In the present case, however, the result of the interpretation which must be put upon the words “jointly and severally” is that the original feuar and his representatives are to continue liable for the feu-duty along with the proprietor of the the lands, and that a personal obligation has been thereby undertaken which is not terminated or affected by a notice of a change of ownership under the statute. According to the ordinary form of such a clause, the obligations are all “several,” but under this clause they are “conjunct and several,” which in other words means that the whole parties are liable for the same feu, and exactly in same amount.

That being so, it is clear, as the Lord Ordinary says, that the obligation against the original feuar and his heirs and executors is perpetual, and that his heirs and executors are to be liable equally with the successors in the feu.

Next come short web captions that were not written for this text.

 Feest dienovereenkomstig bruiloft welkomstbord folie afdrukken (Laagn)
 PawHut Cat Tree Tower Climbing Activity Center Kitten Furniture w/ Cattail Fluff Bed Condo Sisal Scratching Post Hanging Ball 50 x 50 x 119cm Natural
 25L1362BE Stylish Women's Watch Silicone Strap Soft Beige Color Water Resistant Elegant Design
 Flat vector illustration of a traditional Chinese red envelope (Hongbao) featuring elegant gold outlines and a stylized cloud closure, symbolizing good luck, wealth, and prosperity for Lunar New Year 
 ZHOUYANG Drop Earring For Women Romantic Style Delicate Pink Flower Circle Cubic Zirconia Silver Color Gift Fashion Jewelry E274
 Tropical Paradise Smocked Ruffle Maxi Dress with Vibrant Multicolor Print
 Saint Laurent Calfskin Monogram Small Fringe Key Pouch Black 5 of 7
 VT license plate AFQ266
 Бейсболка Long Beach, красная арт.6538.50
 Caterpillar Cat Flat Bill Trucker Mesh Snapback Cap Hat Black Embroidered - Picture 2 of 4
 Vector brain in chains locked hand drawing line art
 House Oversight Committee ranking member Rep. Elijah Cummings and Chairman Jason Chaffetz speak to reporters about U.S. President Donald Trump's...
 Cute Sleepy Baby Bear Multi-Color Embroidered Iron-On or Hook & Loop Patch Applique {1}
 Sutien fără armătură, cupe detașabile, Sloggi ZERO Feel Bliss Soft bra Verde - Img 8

I do not suppose that the original feuar in any way realised the burden he was undertaking, but looking to the nature of the obligation imposed by the words conjunctly and severally, I have come to be of opinion that the Lord Ordinary is right in the opinion which he has expressed, and I cannot find any flaw in his argument.

Lord Mure—I am of the same opinion as your Lordship. It is quite plain, I think, that the words “conjunctly and severally” bring in as liable for this feu-duty a different and very much wider set of persons than such as are usually brought in under the terms of an ordinary feu-charter. Nor, I think, does it make any difference that the obligation is not made effectual by a separate bond, as was done in the case of The King's College of Aberdeen v. Lady James Hay, 1 Macq. 596, to which we were referred in the course of the discussion, for the contract must be viewed as a whole, whether the obligation be undertaken in one or in separate deeds. The effect of the words “conjunctly and severally” must be to make the heirs and executors of the original feuar liable for this feu-duty equally with the successors in the feu.

Lord Shand—The obligations undertaken in this feu-contract are, no doubt, of a most serious character, for it is only too clear that the original feuar cannot free himself or his representatives from the burden which it imposes. The words “conjunctly and severally” are, I think, susceptible only of the meaning contended for by the pursuers, and I have come to be of this opinion after a most careful examination of the deed, to see whether any less burdensome interpretation could be put upon them. The only meaning which can be attached to the words “conjunctly and severally” is that the original feuar and his successors in the feu, or the heirs and executors of the original feuar, and his successors in the feu, are each to be liable for the feu, and each singuii in solidum. With the personal obligation expressed in such unusual terms, I feel shut up to the construction adopted by the Lord Ordinary. I cannot, however, agree with him when he says to attain the present result the proprietor “could adopt no form of words more clear or effectual for that purpose than those which are employed in the obligation in question,” but I do agree with him in thinking that the words used are effectual to bind the feuar and his personal successors conjunctly and severally with his successors in the feu.

Lord Deas was absent.

The Court adhered, and remitted to the Lord Ordinary to decern in terms of the conclusions of the summons.

Counsel:

Counsel for Pursuers— Mackintosh— Hay. Agent— J. Smith Clark, S.S.C.

Counsel for Defenders— Gloag— Strachan. Agent— Alexander Gordon, S.S.C.